**MATERIALS PROVIDED:**
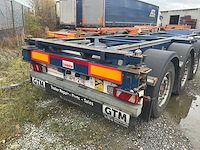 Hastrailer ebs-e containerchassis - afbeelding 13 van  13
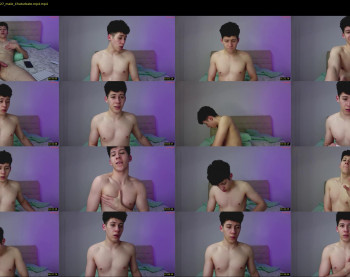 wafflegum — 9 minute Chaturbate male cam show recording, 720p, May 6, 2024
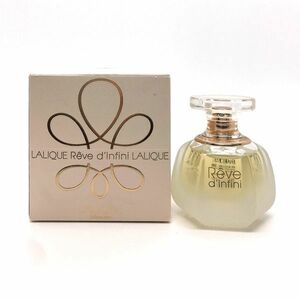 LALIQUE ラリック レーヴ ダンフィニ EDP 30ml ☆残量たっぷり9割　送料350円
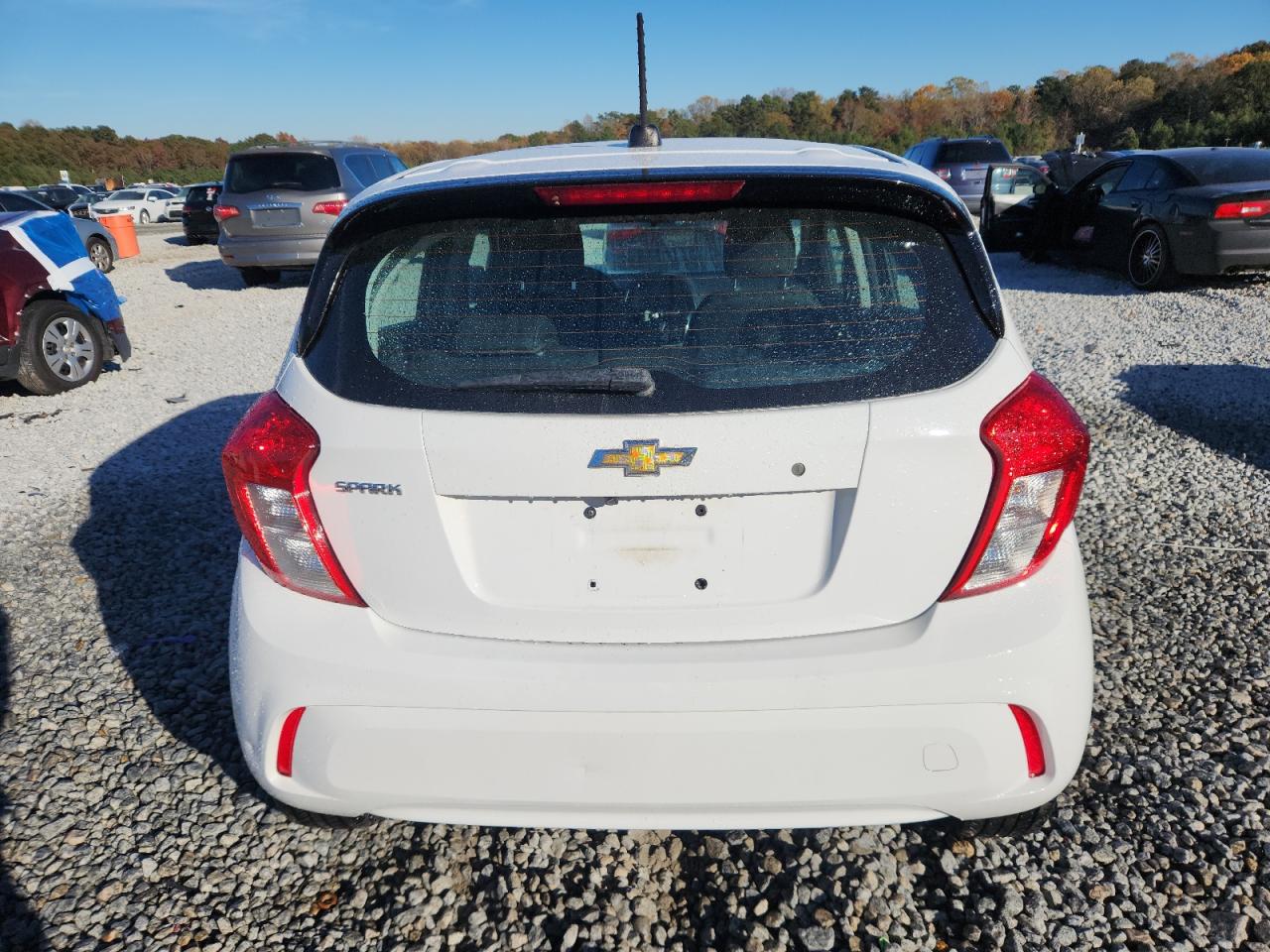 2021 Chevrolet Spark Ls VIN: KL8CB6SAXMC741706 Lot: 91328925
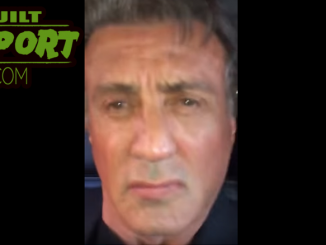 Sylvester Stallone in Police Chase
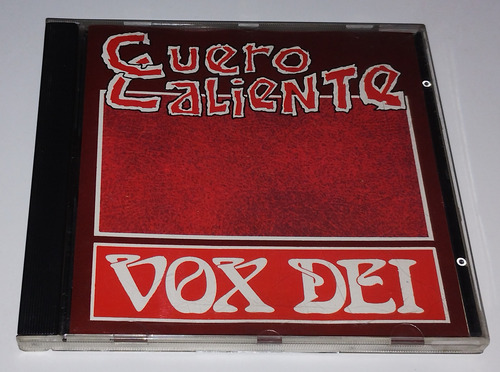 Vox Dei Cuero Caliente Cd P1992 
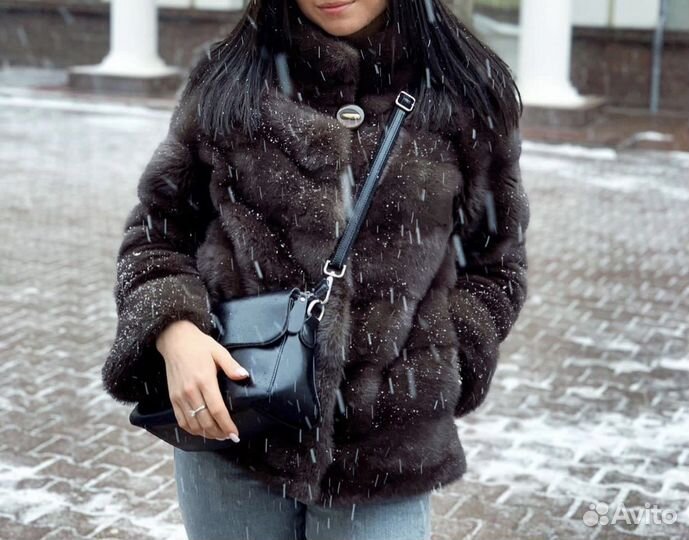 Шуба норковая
--
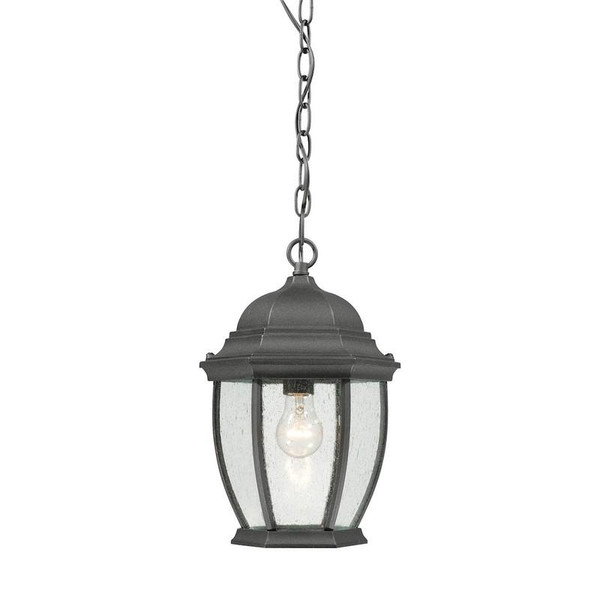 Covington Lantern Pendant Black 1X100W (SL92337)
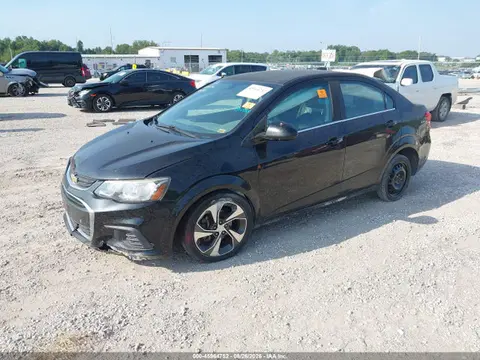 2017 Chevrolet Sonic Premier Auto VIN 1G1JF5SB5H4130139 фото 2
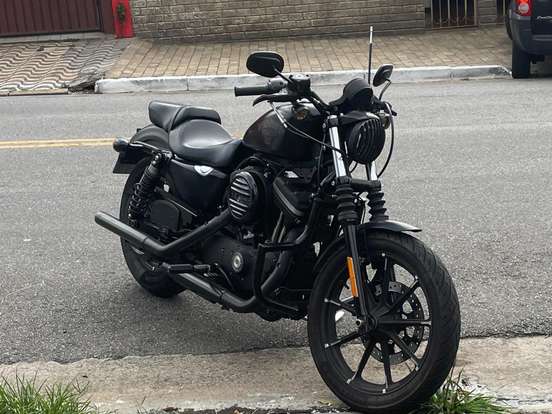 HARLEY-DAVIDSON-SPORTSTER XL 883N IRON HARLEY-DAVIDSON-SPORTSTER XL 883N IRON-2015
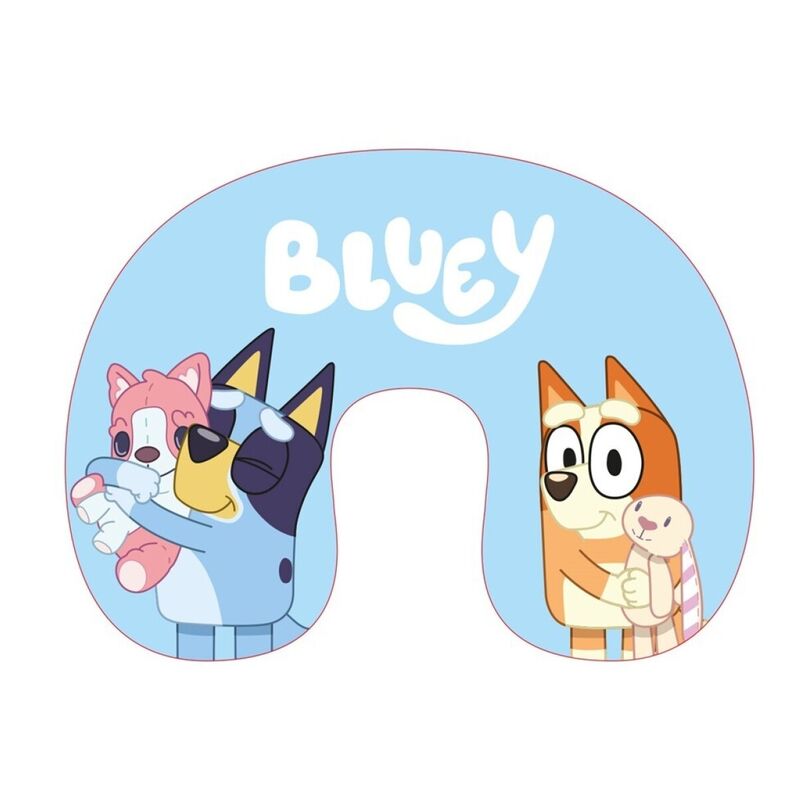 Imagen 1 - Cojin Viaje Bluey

**PROBLEM DESCRIPTION:** What's needed is an exact copy of the records above from the line containing "HARLEY-DAVIDSON-SPORTSTER XL 883N IRON HARLEY-DAVIDSON-SPORTSTER" down to the line containing "Imagen 1 - Cojin Viaje Bluey", both included, without any pictures.

**EXERCISE RESULT:**
 HARLEY-DAVIDSON-SPORTSTER XL 883N IRON HARLEY-DAVIDSON-SPORTSTER XL 883N IRON-2015
 Imagen 1 - Cojin Viaje Bluey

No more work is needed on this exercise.